Add that to an excessive focus upon misunderstood rituals and etiquette and you’re looking at a tradition that in some places has been reduced to re-enactment status, not unlike the ritualised practices of Medieval re-enactors.
Now, let me teach you a great word:
Maybe you’ve heard of it?
As a matter of fact, all of your fighting skills were delivered through templates.
Your coach/trainer (what we in Karate call a ‘sensei’) taught you a set of skills with which to address specific scenarios. These skills were imparted to you via templates – how to break fall, how to throw somebody, how to escape or counter a technique, how to set up an opponent or avoid a set up, how to jab, use a right hand, do a joint-lock, work your left hook, how to check a kick, how to slam someone to the ground, how to use combinations, how to use your knees/elbows and so on.
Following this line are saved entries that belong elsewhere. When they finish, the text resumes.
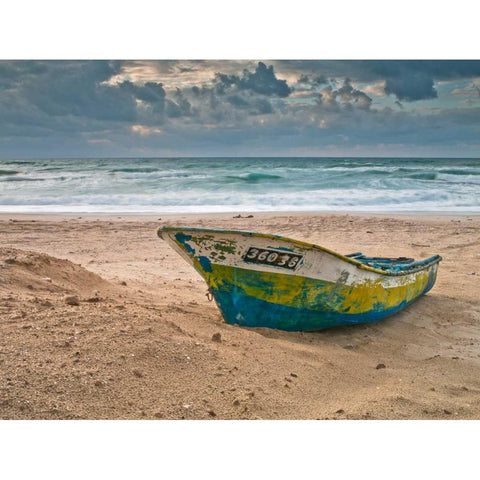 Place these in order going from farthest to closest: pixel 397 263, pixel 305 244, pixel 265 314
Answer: pixel 397 263 → pixel 265 314 → pixel 305 244

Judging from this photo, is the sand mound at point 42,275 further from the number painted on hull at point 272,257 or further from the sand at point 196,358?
the number painted on hull at point 272,257

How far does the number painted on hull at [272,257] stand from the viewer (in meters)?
3.21

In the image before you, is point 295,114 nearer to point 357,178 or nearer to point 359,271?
point 359,271

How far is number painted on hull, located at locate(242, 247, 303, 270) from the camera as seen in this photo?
10.5 ft

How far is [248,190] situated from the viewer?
52.3ft

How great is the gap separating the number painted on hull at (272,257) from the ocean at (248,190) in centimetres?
814

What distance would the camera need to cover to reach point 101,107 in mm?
6355

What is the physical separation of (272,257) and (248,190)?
12809mm

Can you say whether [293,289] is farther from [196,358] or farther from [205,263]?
[196,358]

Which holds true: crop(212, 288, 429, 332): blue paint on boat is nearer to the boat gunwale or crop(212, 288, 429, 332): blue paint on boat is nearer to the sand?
the sand

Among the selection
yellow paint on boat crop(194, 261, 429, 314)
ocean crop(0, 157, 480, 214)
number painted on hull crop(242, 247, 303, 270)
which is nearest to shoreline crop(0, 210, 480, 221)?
ocean crop(0, 157, 480, 214)

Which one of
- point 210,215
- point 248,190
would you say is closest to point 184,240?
point 210,215

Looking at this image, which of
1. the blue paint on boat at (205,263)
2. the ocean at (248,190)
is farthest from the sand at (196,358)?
the ocean at (248,190)

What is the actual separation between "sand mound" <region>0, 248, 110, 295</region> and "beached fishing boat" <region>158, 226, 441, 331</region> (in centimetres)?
105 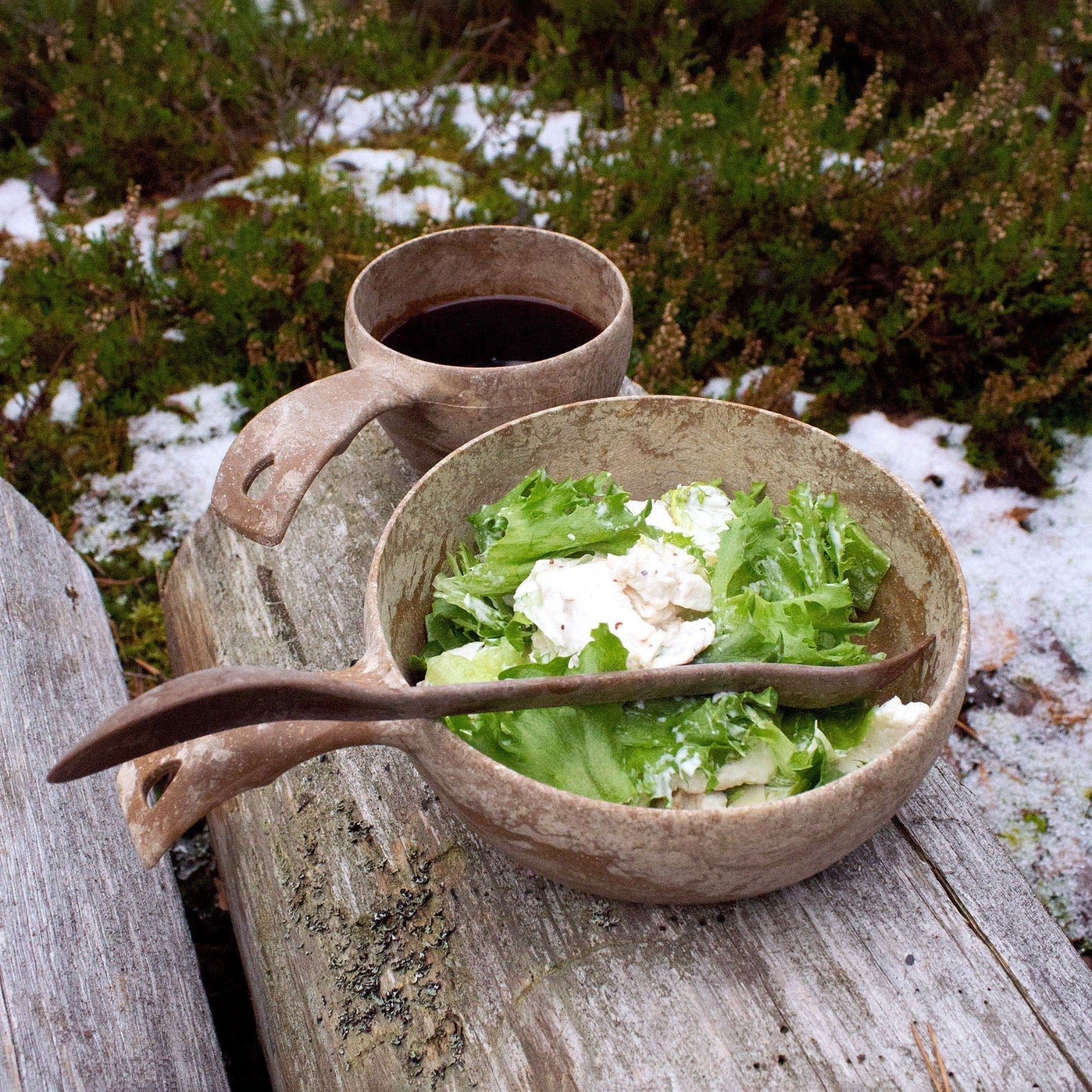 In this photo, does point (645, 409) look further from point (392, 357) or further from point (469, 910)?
point (469, 910)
As you can imagine, the list is very long.
You show the learner how something is done [that’s a template] and they repeat it [the template] until the skill is learned.
That’s how you were taught, and that’s how you teach.
This is then followed by more advanced templates – how the skill is honed, how to make one stronger, faster, more flexible, etc. in order to be the best you can be.
Coincidentally, the Japanese word for template happens to be “kata”.
And that’s what you’re looking at, when I’m training.
But don’t get me wrong – these kata, or “Karate dances” that you see me doing are not some kind of shadow boxing, which you might be familiar with.
There is a big difference.
Shadow boxing is free, kata is not.
I am repeating a cluster of prescribed battle-proven techniques over and over again, to make them my second nature. Of course, ideally I would want a whole line of training partners standing in front of me, ready to assist me in my training (as opponents), but I don’t have that privilege.
That’s why I’m doing this alone.
And while we’re at it, consider these three points, that the study of kata and it’s meaning (which to me actually is Karate) gives me:
- Improves health (the holistic aim)
- Builds moral character (the social aim)
- Helps the defeat of human weakness (the philosophic aim)
Put them together, and they all work towards the same goal, which is to ultimately establish inner peace and tranquility.
Now, this might sound like a load of esoteric mumbojumbo to you, since all you probably want to do is “Have fun and kick some ass man!”, but to me it all makes perfect sense.
I practise a non-lethal civil fighting art that was designed for self protection (but is today also used for much ‘higher’ purposes as described above), not military conflict or competitive fighting.
Hence, Karate was never developed to be lethal, or used on the battlefield or in the arena. The fact that it can be lethal, and may have been used on the battlefield or arena is a completely different issue.
That’s why I will never “step into the cage” with you.
Because that’s not what I do…
I do Karate.
And your Martial Sport is not my Martial Art – so please stop mixing them together.
Just let me practise my kata in peace.